Activity:
The reply should hold only the lines below beginning at the one with "Heart-glasses headshot among" and ending at the one with "A log cabin", copied exactly, with every picture left out.

--- Data for this task Enclosed Below ---

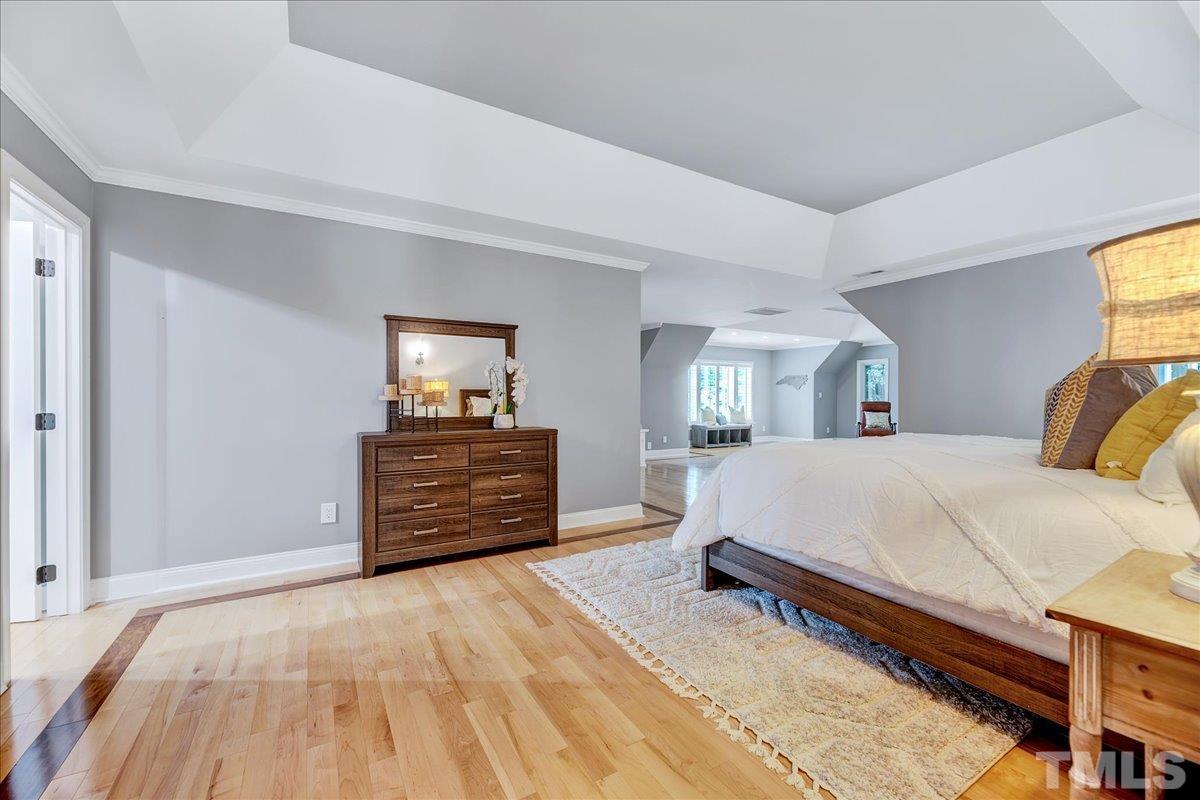 7033 Daniel Road Wake Forest, NC 27587 - Photo 37 of 63 a bed room with a bed and a dresser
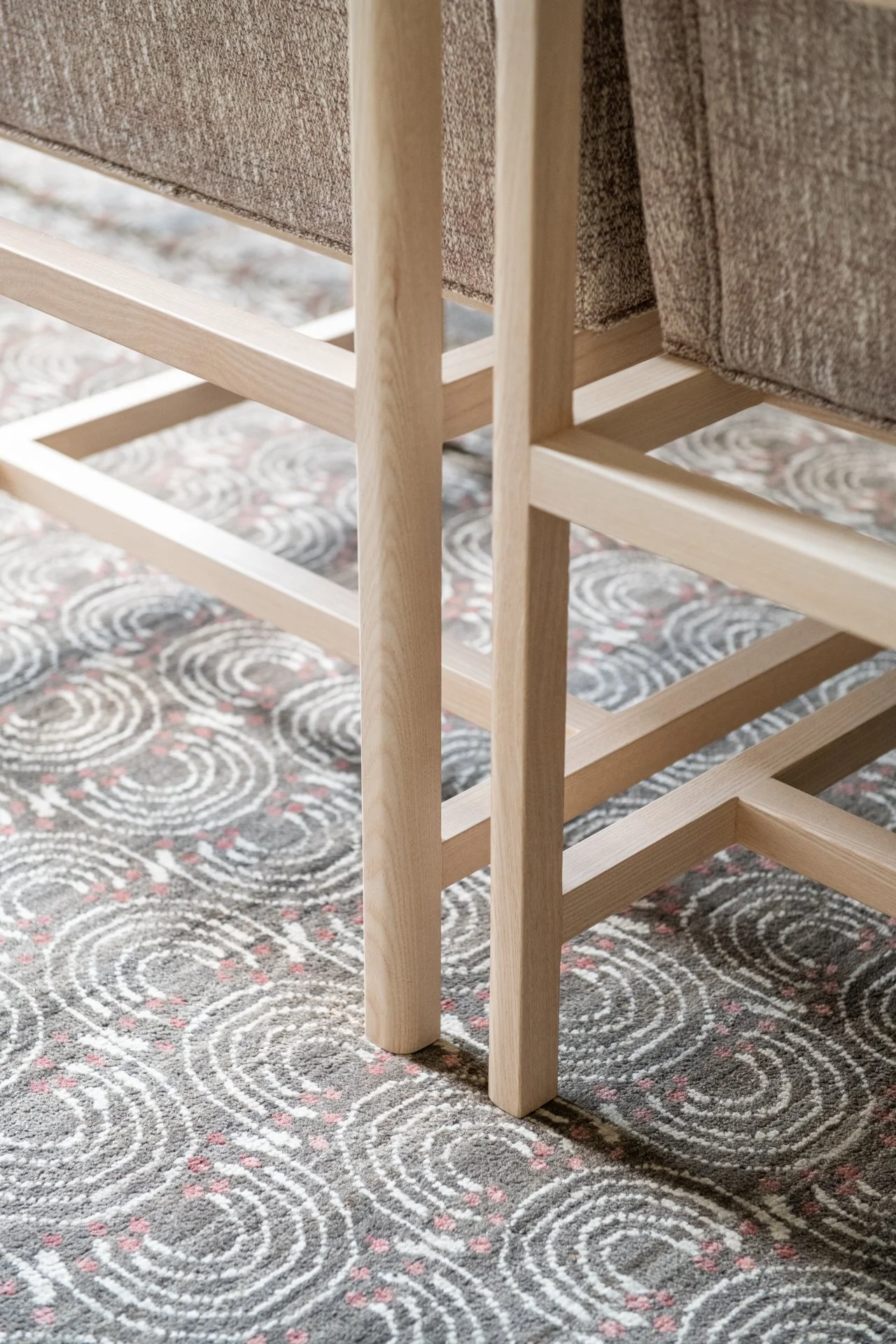 Upholstered dining chairs with pale wood frames by Bassam Fellows on a custom luxury rug.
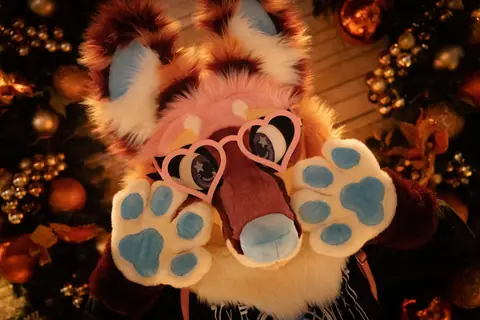 Heart-glasses headshot among holiday ornaments, photo by Beefshanks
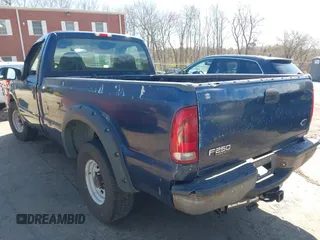 2002 Ford Super Duty F-250 XL with VIN 1FTNF20L92EA36463, listed as a IAAI auction lot 41994490 with 113,802 mi miles. Bid and sale history available at carsss.com. Image 3.
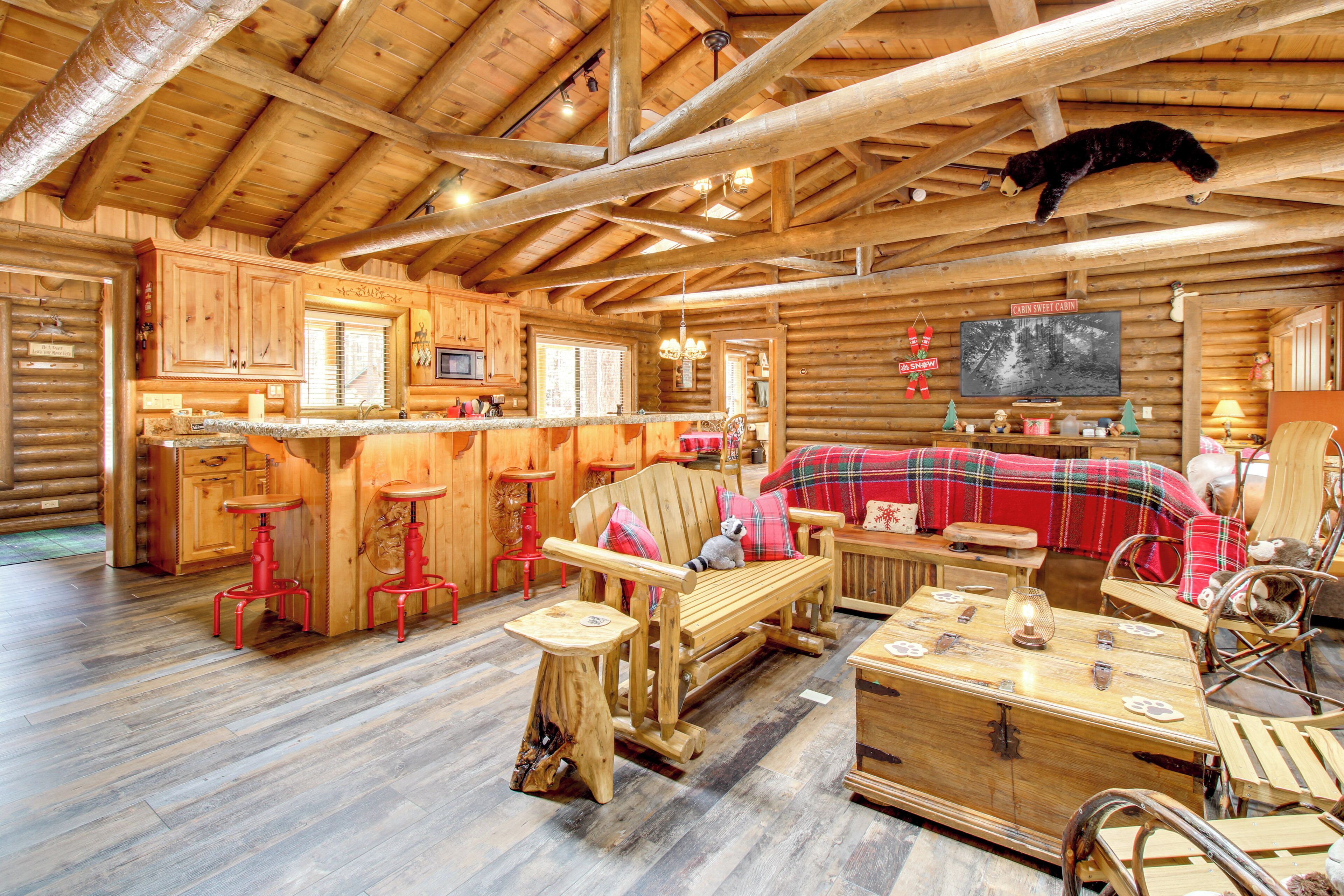 A log cabin interior with a wooden dining table, a bench with a blanket, a television, and a bear decoration on the ceiling.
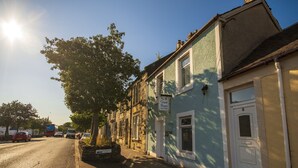 A row of traditional terraced houses with a sign indicating a guest house. - Irvine Riverside Guesthouse (Irvine)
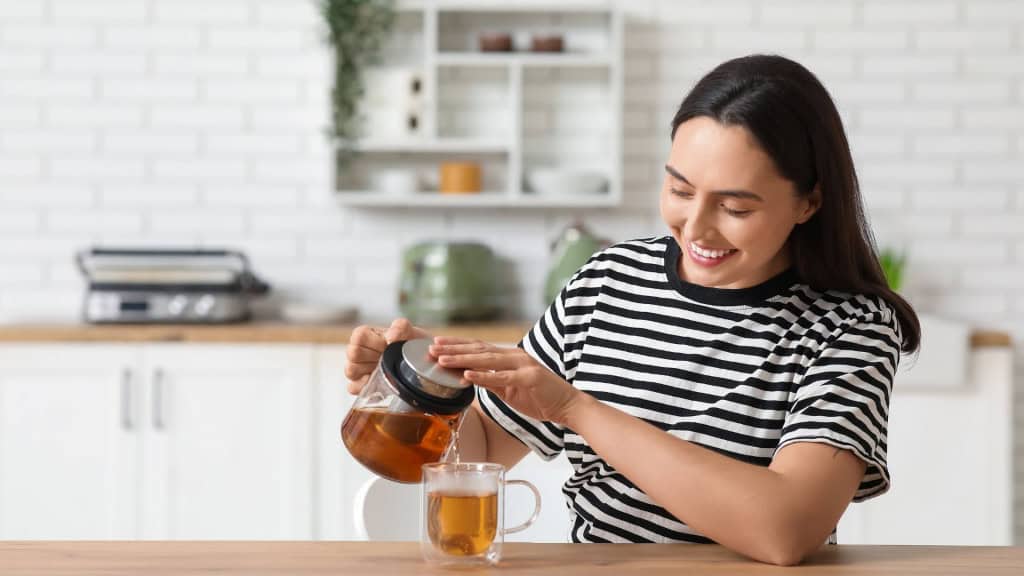Linda jovem mulher feliz derramando chá quente de chaleira transparente em xícara na cozinha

--- End of Enclosed Data for this task ---

Response to the task:
 Heart-glasses headshot among holiday ornaments, photo by Beefshanks
 2002 Ford Super Duty F-250 XL with VIN 1FTNF20L92EA36463, listed as a IAAI auction lot 41994490 with 113,802 mi miles. Bid and sale history available at carsss.com. Image 3.
 A log cabin interior with a wooden dining table, a bench with a blanket, a television, and a bear decoration on the ceiling.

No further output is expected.